I’ve felt like something is missing
- I’ve felt like even though I’m learning a lot of this technical specialty, in another dimension, it is lacking in depth. I can’t have the kinds of conversations we have in my reading group with the people in my major / specialization, at least not on the surface level. In fact, a lot of things feel like they’re on the surface level in Computer Science, but in a way that’s hard to describe.
- When I attended the first session, I felt like someone told me to look down and there was a gaping hole below me. I just haven’t found those kinds of conversations among computer scientists, and I honestly felt like a child. I felt like I could only communicate with the language of a ten year old, and everyone around me was an adult, so erudite and layered in their thinking. It made me immediately aware of the gaping hole of Computer Science education.
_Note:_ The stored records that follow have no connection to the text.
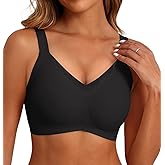 SHIJIALI Wireless Push Up Bra V Mesh Detail Wide Straps Seamless Comfort Support Lift Full Coverage Everyday Bralettes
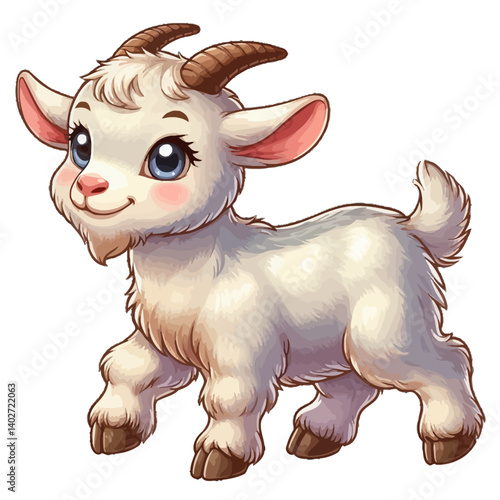 Charming cartoon illustration of a cute baby goat with big, adorable green eyes, white fluffy fur, small horns, and a playful expression, taking a step. Represents adorable animals, farm animals, and 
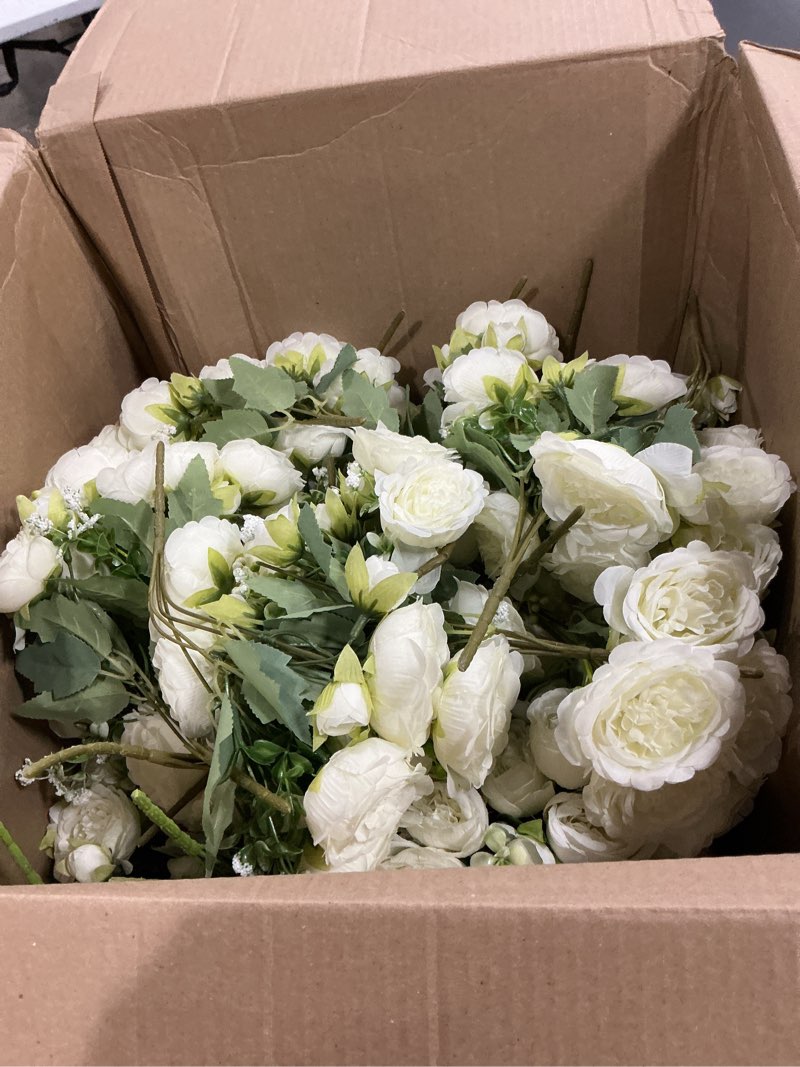 Condition photo showing As Is for 24 bundles peonies artificial white flowers bouquet, lifelike silk fake peonies with stems for home table centerpieces, wedding, party & diy bridal floral arrangements (white)
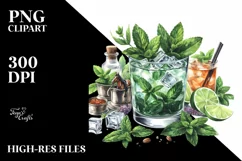 Watercolor Mint Julep Clipart Product Image 1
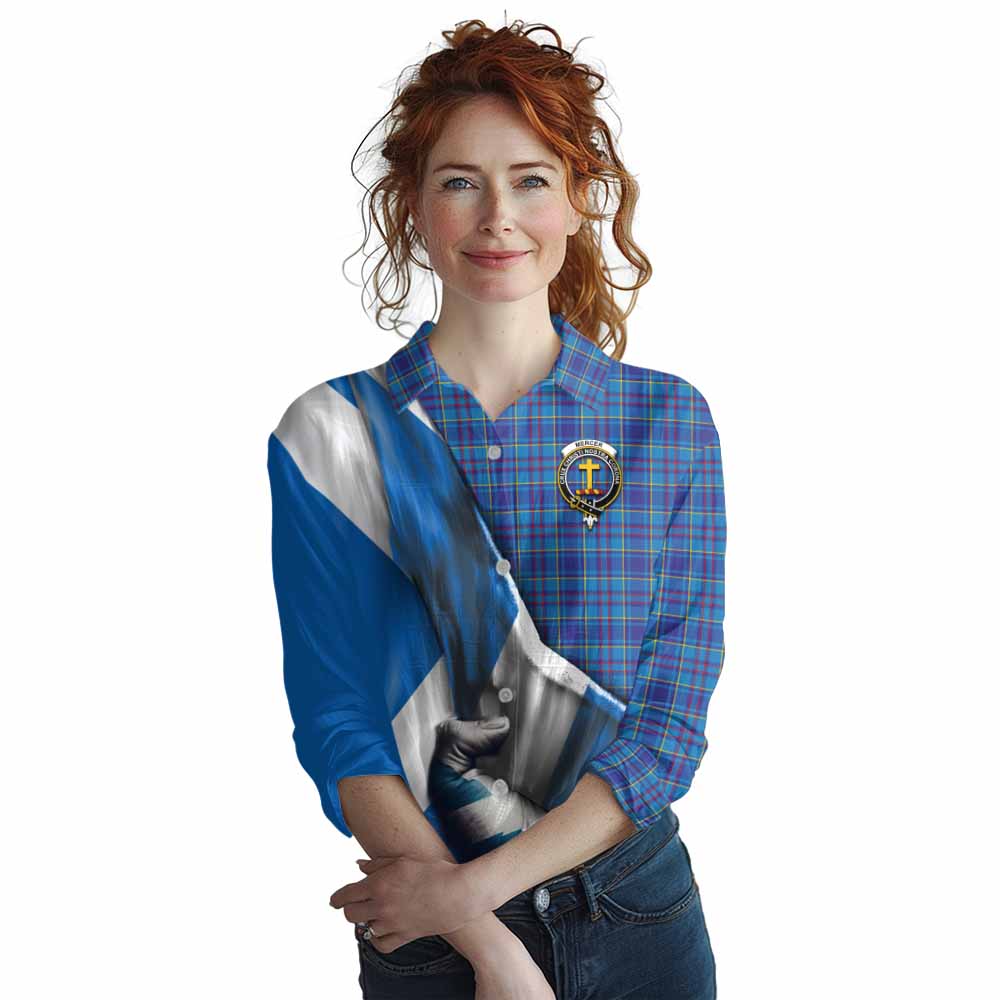 Tartan Vibes Clothing Mercer Tartan Women's Casual Shirt with Family Crest Scotland Patriotic Style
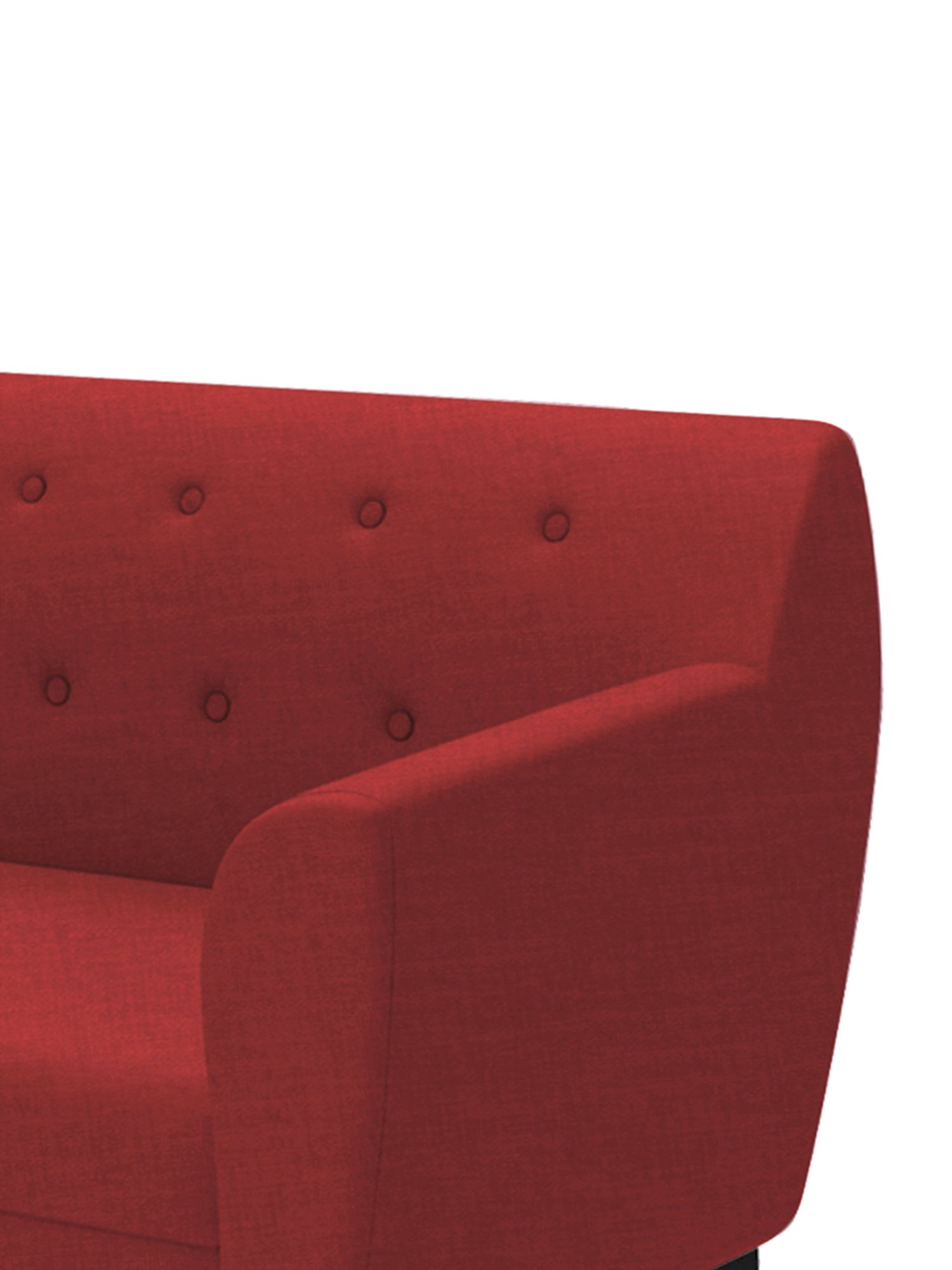 Trevi Red Fabric & Neem Wood 5 Seater LHS Sectional Sofa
- We don’t process things. We don’t take the time to think deeply. And it shows in our products.
- We who can code (I can barely do so; that’s why I’m focusing on research and am not really a software engineer per se) see ourselves as often of high intellect, of boundless ability. But stepping into that sort of space made me realize why we flatten the ideas of other fields. I’ve been thinking about that a lot, as it’s been coming up again and again in spaces like data and AI. We flatten the ideas of other fields because we only see the surface, and we pat ourselves on the back for bad copies.
Bad copies of someone else
- This reminded me of being a budding concept design student, learning digital painting. A famous concept designer would become the hip one that everyone wanted to be able to draw like, and then a slew of students would copy, very badly, the style of that hip concept designer. But they couldn’t really replicate it because the reason the concept designer’s style was so interesting was because they’re well, them. It took them years to get to that place, and their style is influenced by all the people who influenced them on their journey; you couldn’t really replicate that by just looking at their work and without the experience. The internet has a LOT of bad copies of other people’s work around, but those generally aren’t the kinds of things anyone wants to see in a portfolio. They want to see you; they want to see original work with something to say. The remake of “A Star is Born” talks about this, btw. And that’s hard, and it’s rare. A lot of work looks nice, but it doesn’t say anything. And sometimes saying something with work is a painful process, with a lot of failure and uncertainty. Authors may take years to write a book. There are hidden things you just don’t see if you only look at the surface and try to copy the lines, the style, the textures, the colour.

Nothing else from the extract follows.